То, что немцы не сделали никаких выводов из концентрации сил на юге Англии, которую они, конечно, не могли не заметить, остается одной из самых больших загадок Второй мировой войны. Они наносили по ночам удары по лагерям (правда, в рейдах участвовали не более полудюжины бомбардировщиков), сбрасывали мины в гавани. Иногда прорывались разведывательные самолеты, делали снимки и уходили на восток. Ситуация требовала от немцев постоянно бомбить порты и скопления войск во время учений, но этого так и не произошло.
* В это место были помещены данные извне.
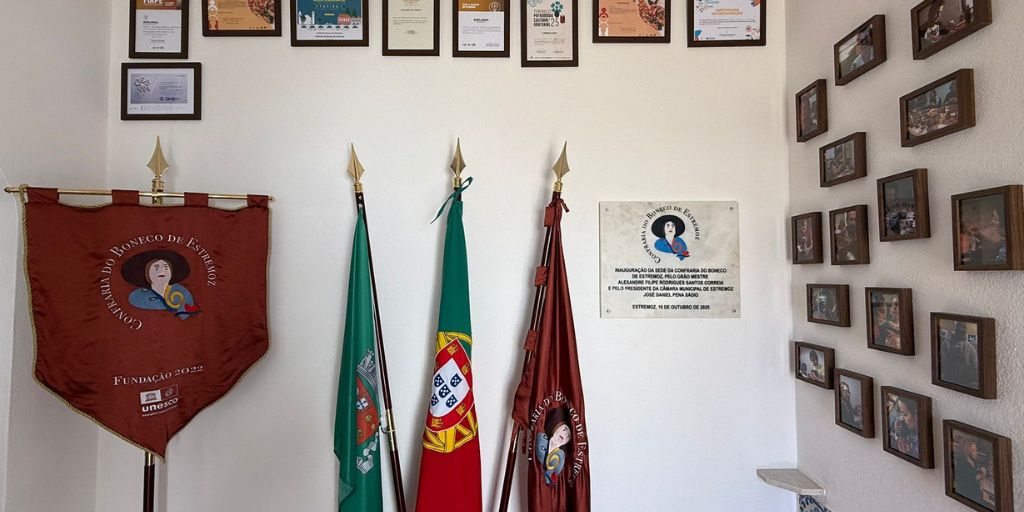 Confraria do Boneco de Estremoz tem nova sede dedicada à valorização deste património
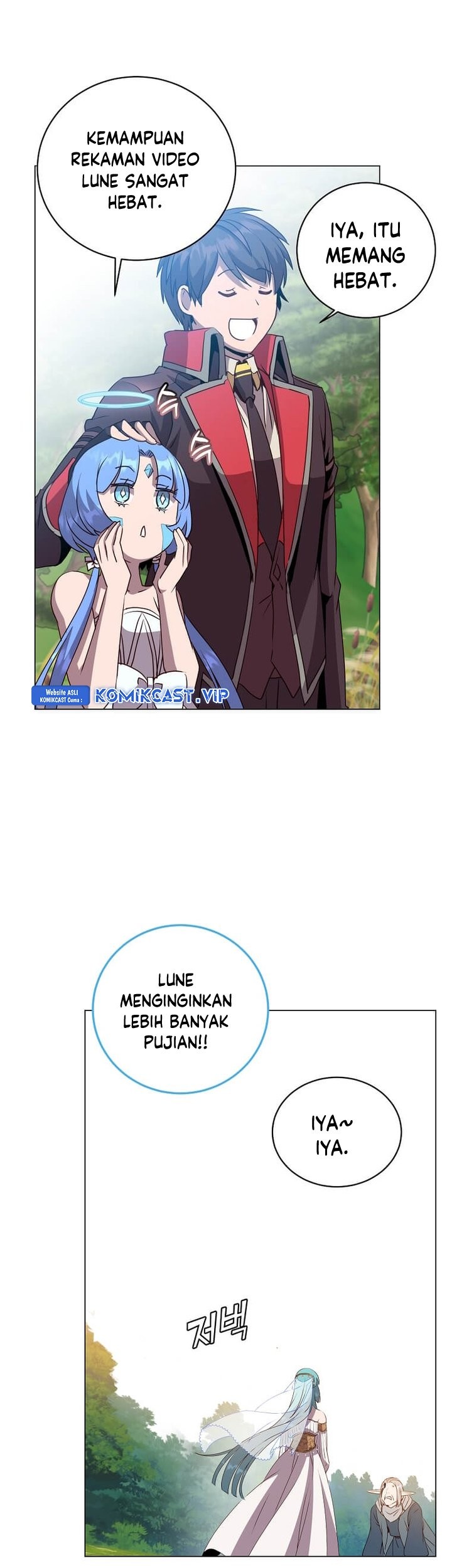 The MAX leveled hero will return! Chapter 139 Gambar 34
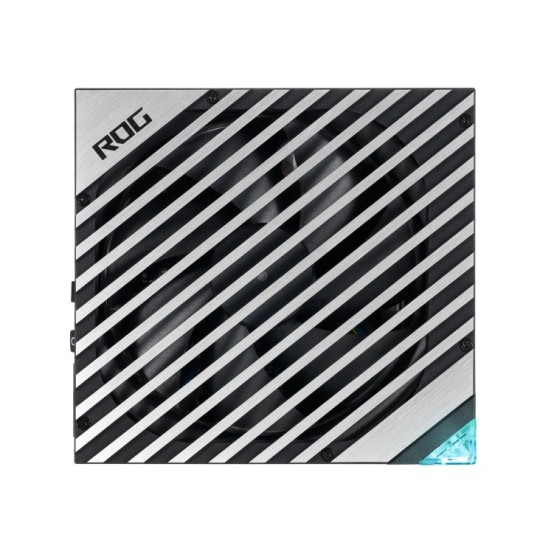 ASUS ROG THOR 850W Platinum II strömförsörjningsenheter 20+4 pin ATX Svart, Blå, Grå
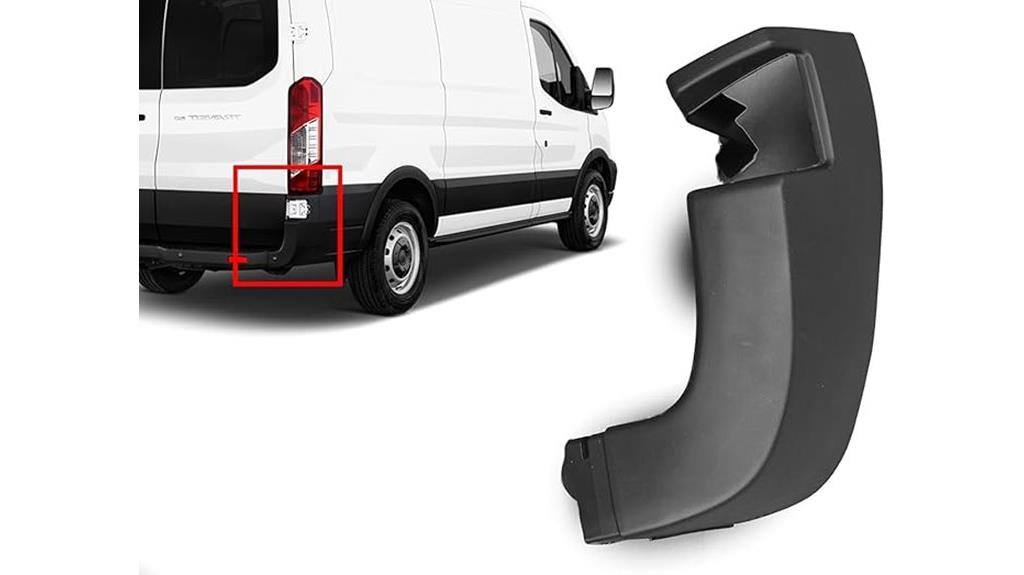 ford transit rear bumper cover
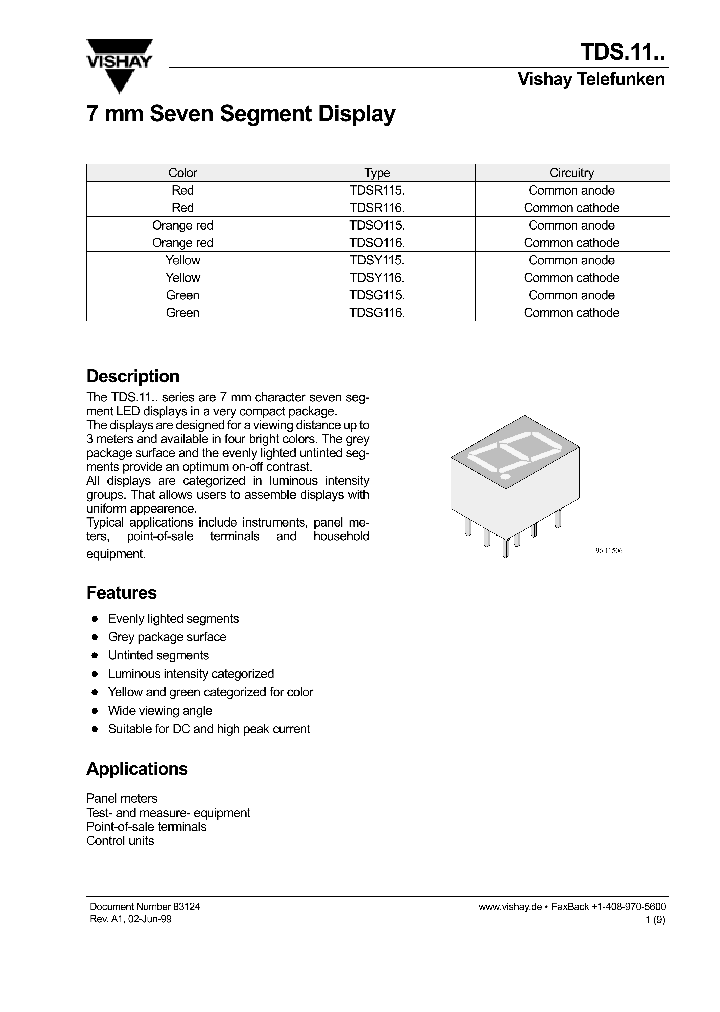 TDSY116_44445.PDF Datasheet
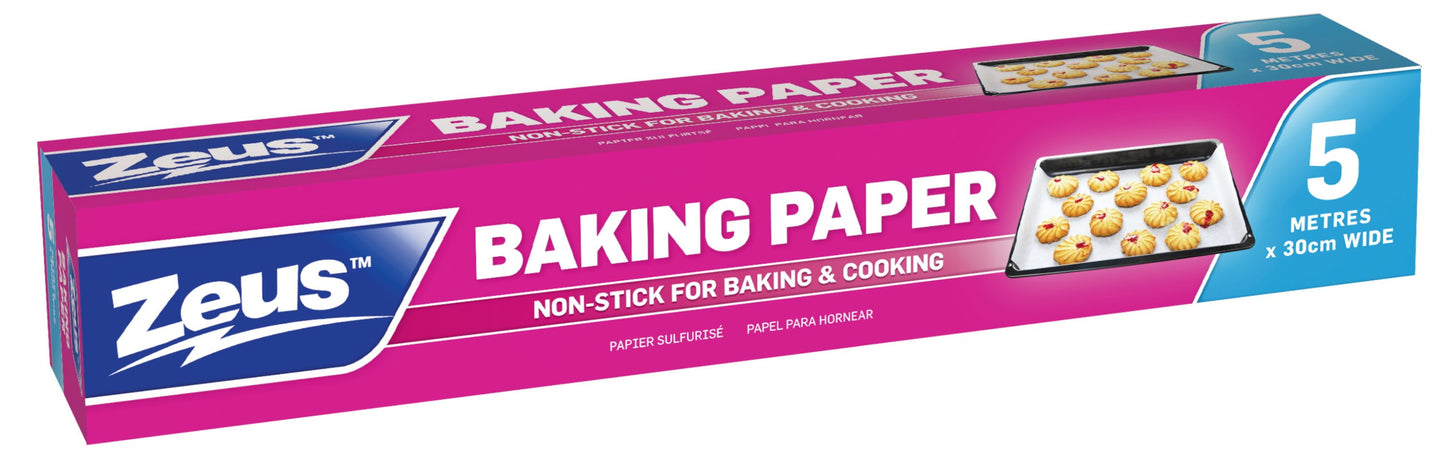 Baking Paper Roll 5m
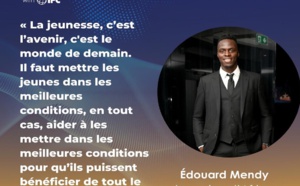 Soutenir les jeunes et investir dans la technologie et l'éducation en Afrique : Edouard Mendy et les premiers jalons d’une noble ambition 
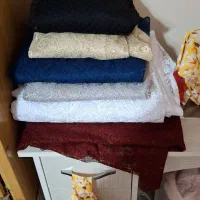 هدیه روز مادر با پارچه گیپور بسیارزیبا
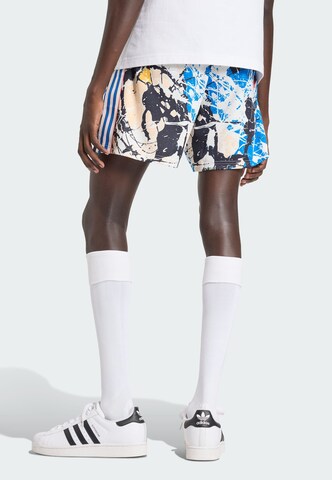 Regular Pantalon de sport 'Manchester United Stone Roses' ADIDAS PERFORMANCE en mélange de couleurs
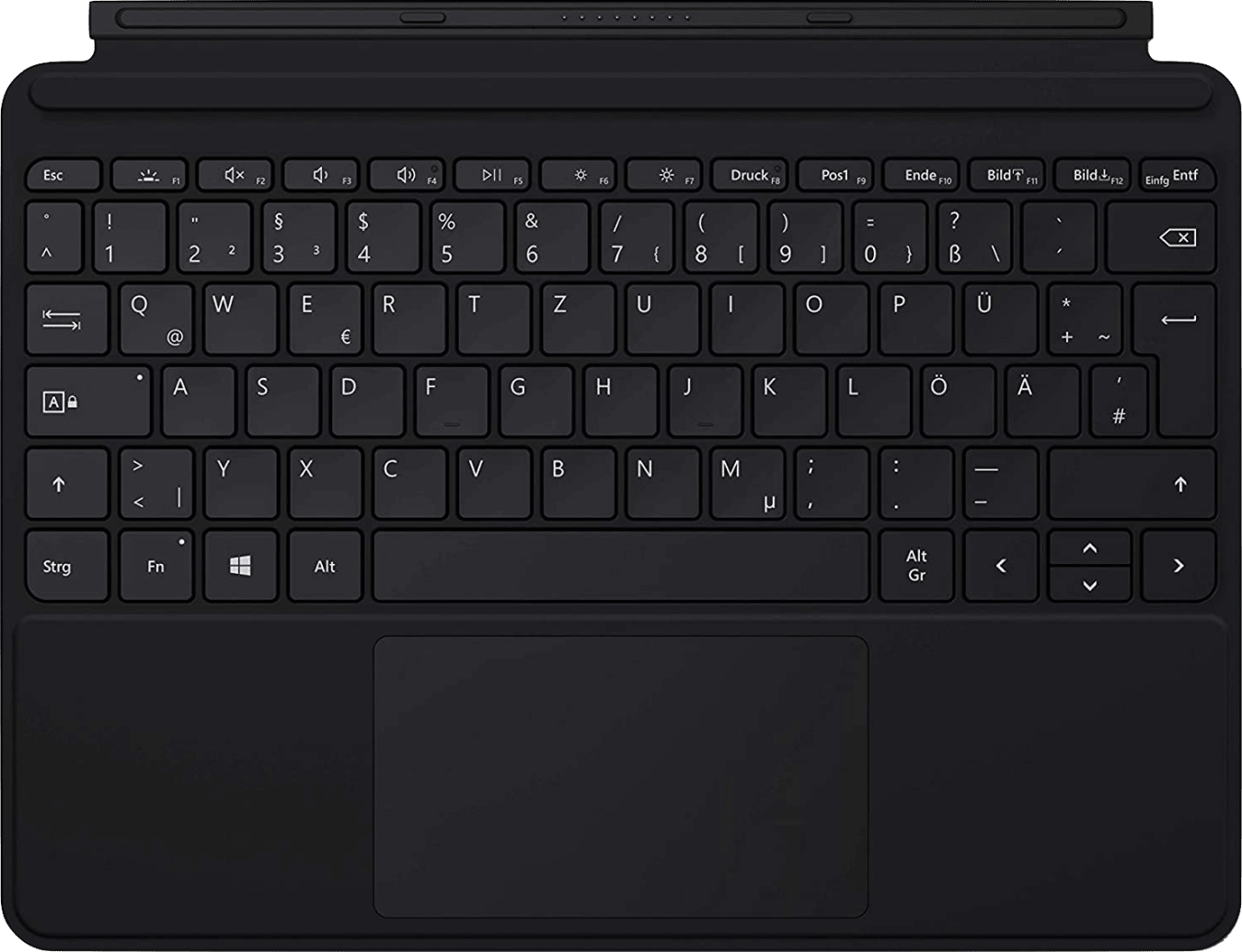 Microsoft Surface Go Type Cover - QWERTZ von Microsoft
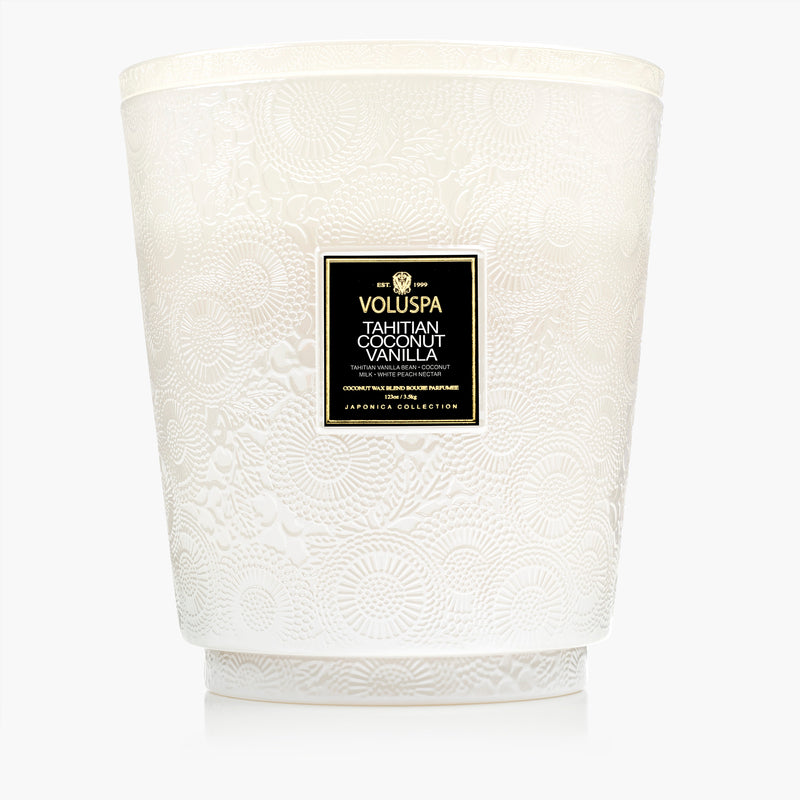 Tahitian Coconut Vanilla - 5 Wick Hearth Candle - view 1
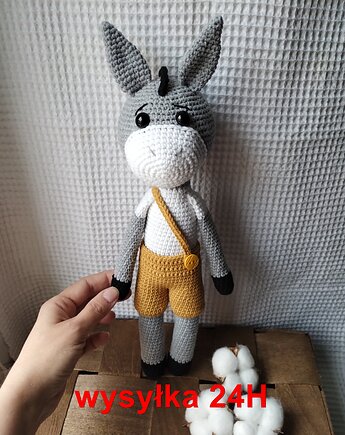 Osiołek Błażej, osioł, szydlAnki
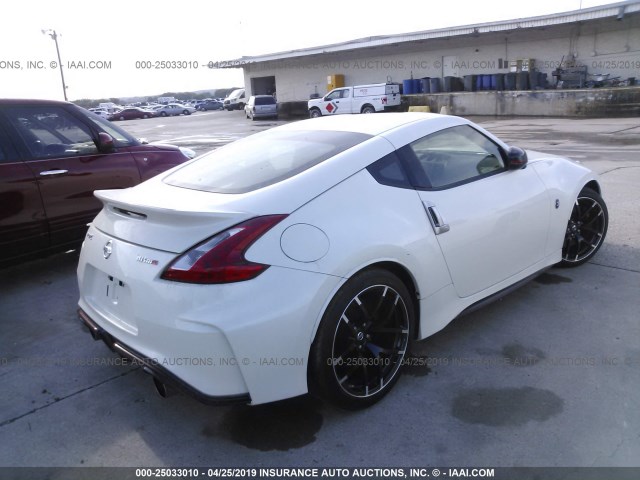 JN1AZ4EH6HM953724 - 2017 NISSAN 370Z TOUR/SPT/TECH/NISMO/TECH WHITE photo 4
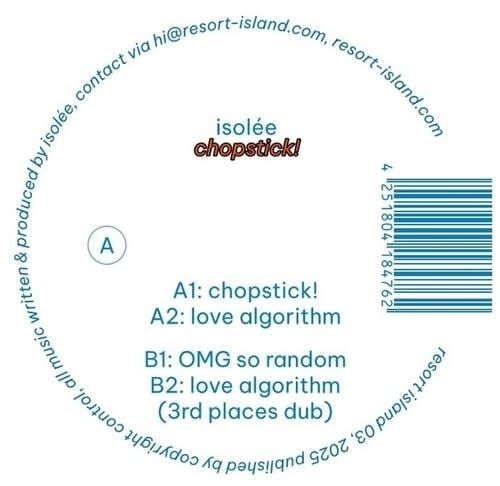 Chopstick! 12" by Isolee album artwork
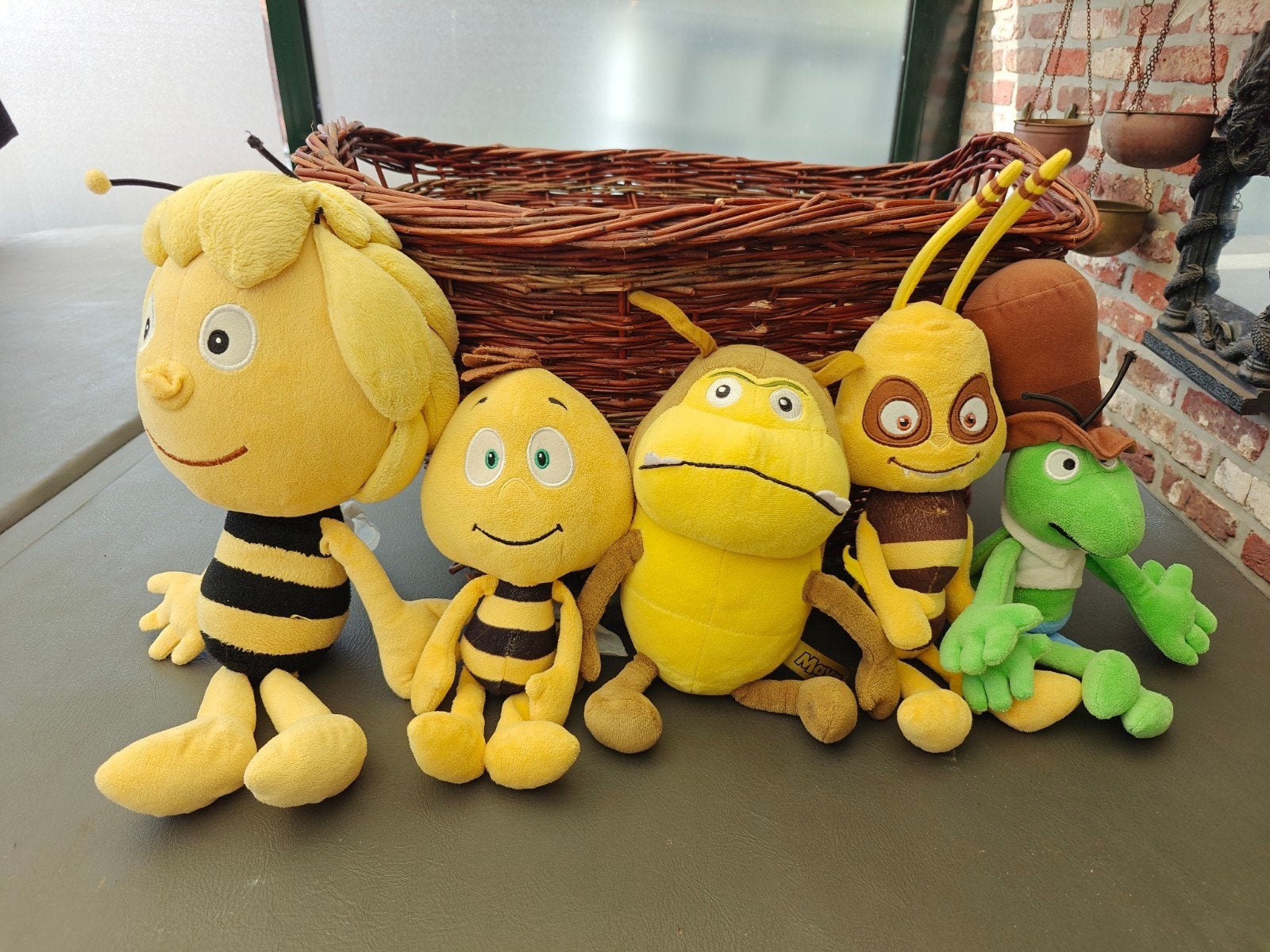 lot Maya de bij knuffels, Ophalen of Verzenden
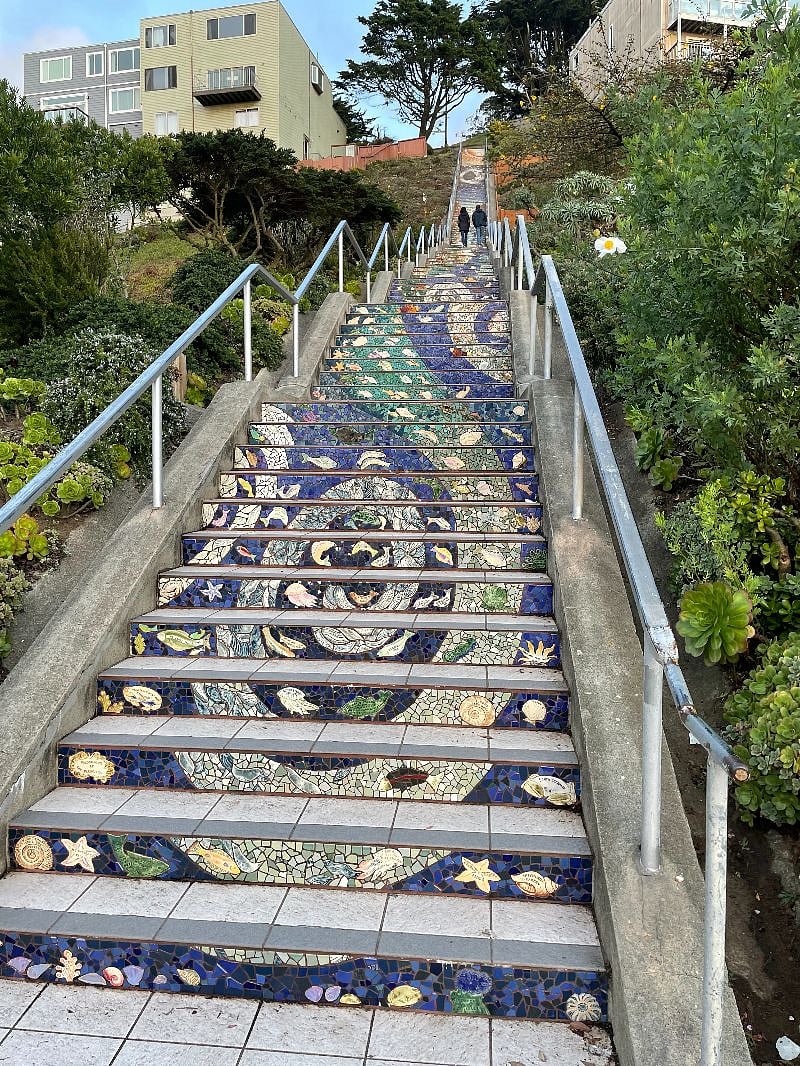 Famous Moraga Steps
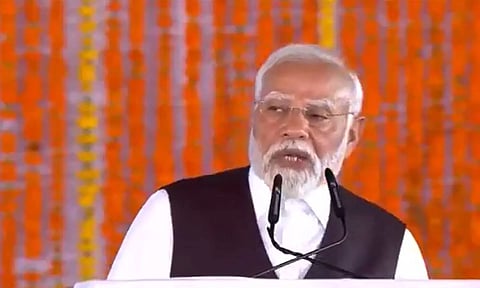 பஹல்காம் தாக்குதல் ஜம்மு-காஷ்மீர் மக்களின் வருமானத்தை தடுப்பதற்கான பாகிஸ்தானின் சதி: பிரதமர் மோடி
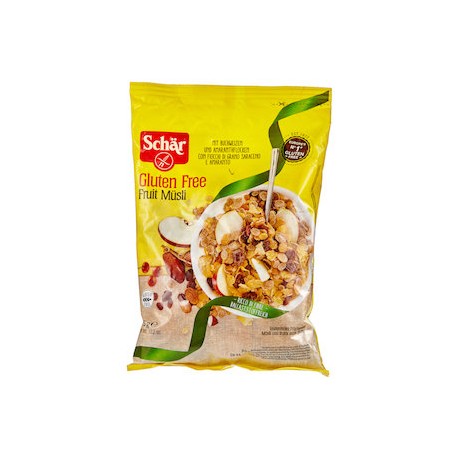 Muesli Fruit Schar Sans Gluten - 375gr - Schär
Конечно, у люфтваффе осталась лишь тень ее былой мощи времен Британской битвы 1940 г. Безусловно, сыграли свою роль макеты десантных судов в Восточной Англии, сооруженные в соответствии с программой «Фортитюд» для обмана противника. И тем не менее нет разумного объяснения, почему вермахт так и не воспользовался возможностью наносить воздушные удары по гаваням и «сосискам». «В этом было что-то сверхъестественное», — вспоминает Ричард Фрид, моряк торгового флота.